Kegiatan sutera alam merupakan salah satu upaya untuk mendukung program rehabilitasi lahan dengan meningkatkan daya dukung lahan melalui budidaya tanaman murbei yang dikombinasi dengan pemeliharaan ulat sutera dan penanganan pasca panennya. Pengembangan usaha persuteraan alam dipandang sebagai salah satu usaha yang mempunyai harapan yang baik untuk mensejahterakan masyarakat dengan memanfaatkan lahan hutan yang masih terlantar.

Usaha kegiatan persuteraan alam khususnya produksi kokon dan benang sutera dirasakan sangat menguntungkan, karena cepat mendatangkan hasil dan bernilai ekonomi tinggi. Teknologi yang digunakan relatif sederhana, karena dapat dilakukan sebagai usaha pokok maupun sampingan yang merupakan usaha keluarga. Disamping bersifat padat karya, dapat juga menjadi sumber pendapatan masyarakat yang menguntungkan, sehingga kegiatan ini merupakan salah satu alternatif untuk meningkatkan peranan sektor kehutanan dalam mendorong perekonomian masyarakat di pedesaan.

Di Jawa Barat terdapat 3.754 petani yang memanfaatkan 2.620,90 ha lahan murbei untuk mengembangkan ulat sutera. Lahan-lahan tersebut terdapat di Sukabumi, Cianjur, Bandung, Garut, Tasikmalaya, Majalengka, Sumedang, Subang serta Purwakarta.

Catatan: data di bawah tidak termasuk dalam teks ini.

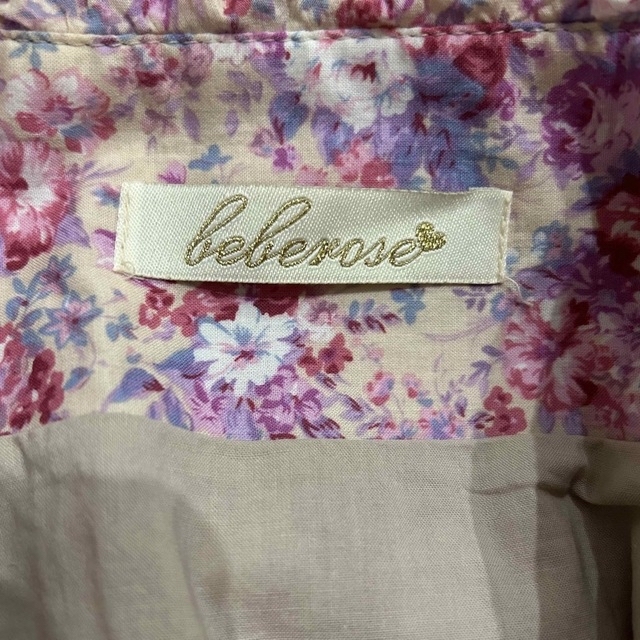 beberose(ベベローズ)の匿名発送込　べべローズ　花柄　スカート　ピンク　レース　フリル レディースのスカート(ミニスカート)の商品写真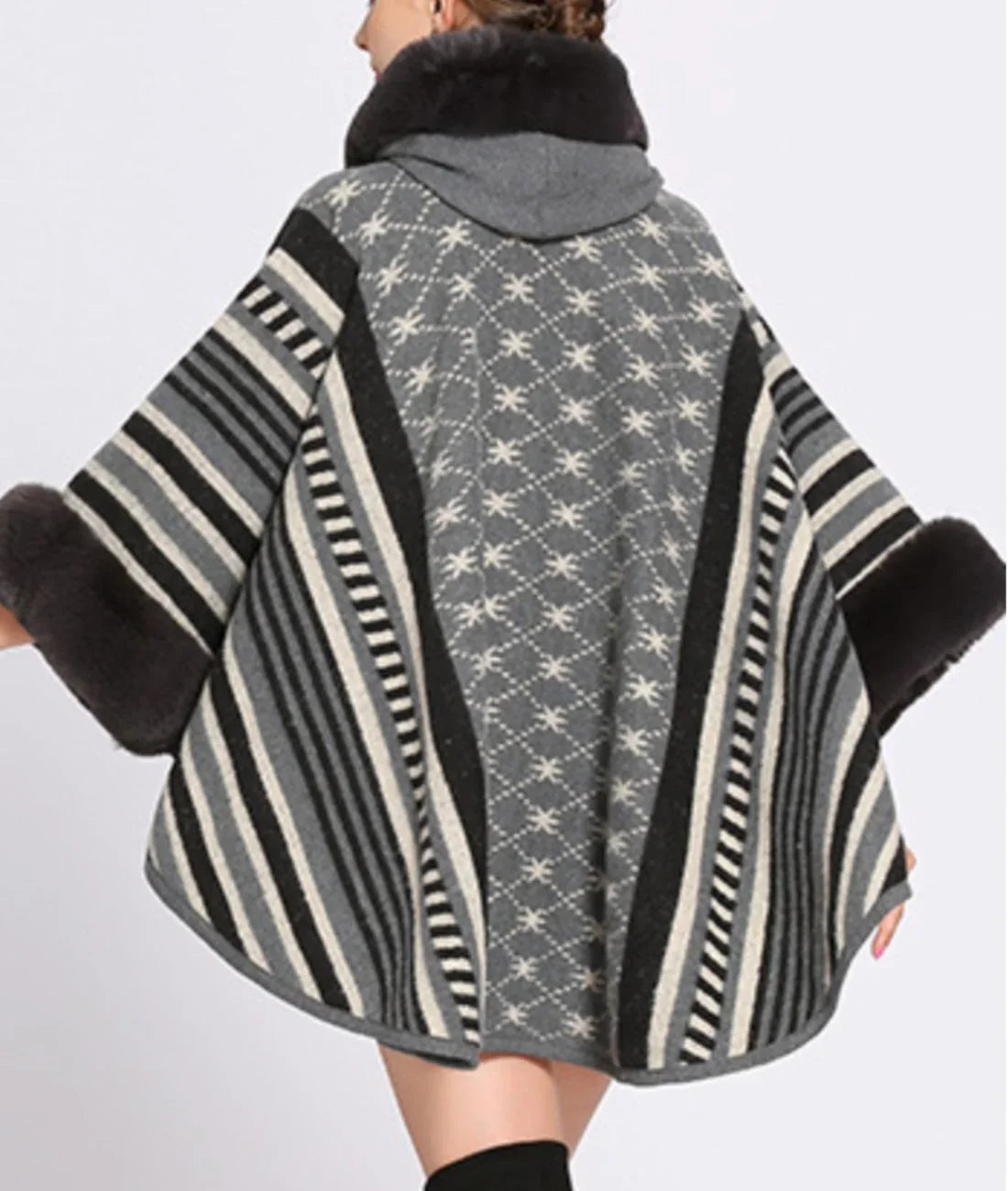 Poncho polaire femme gris motifs géométriques, col épais et manches larges, style hiver élégant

Produksi sutera alam Indonesia masih sangat rendah, rata-rata per tahun produksi kokon kering sebesar 250 ton atau setara dengan 31,25 ton benang. Kapasitas produksi industri pemintalan benang sebesar 87,5 ton atau setara dengan kebutuhan kokon sebesar 700 ton. Sehubungan dengan itu industri pemintalan benang belum beroperasi optimal masih kekurangan kokon sekitar 450 ton pertahun. Sedangkan kebutuhan kokon nasional saat ini sebanyak 2400 ton per tahun, kebutuhan bahan baku industri benang sutera berupa kepompong ulat sutera (kokon) masih harus impor

Tidak jarang petani sutera alam meninggalkan usaha tani sutera dan beralih pada komoditas lain yang dianggap lebih menguntungkan. Masalah yang dihadapi seperti, keterbatasan modal, aspek sumberdaya maupun sarana dan prasarana yang belum optimal perlu diatasi mengingat potensi wilayah yang mendukung serta peluang pasar yang masih terbuka.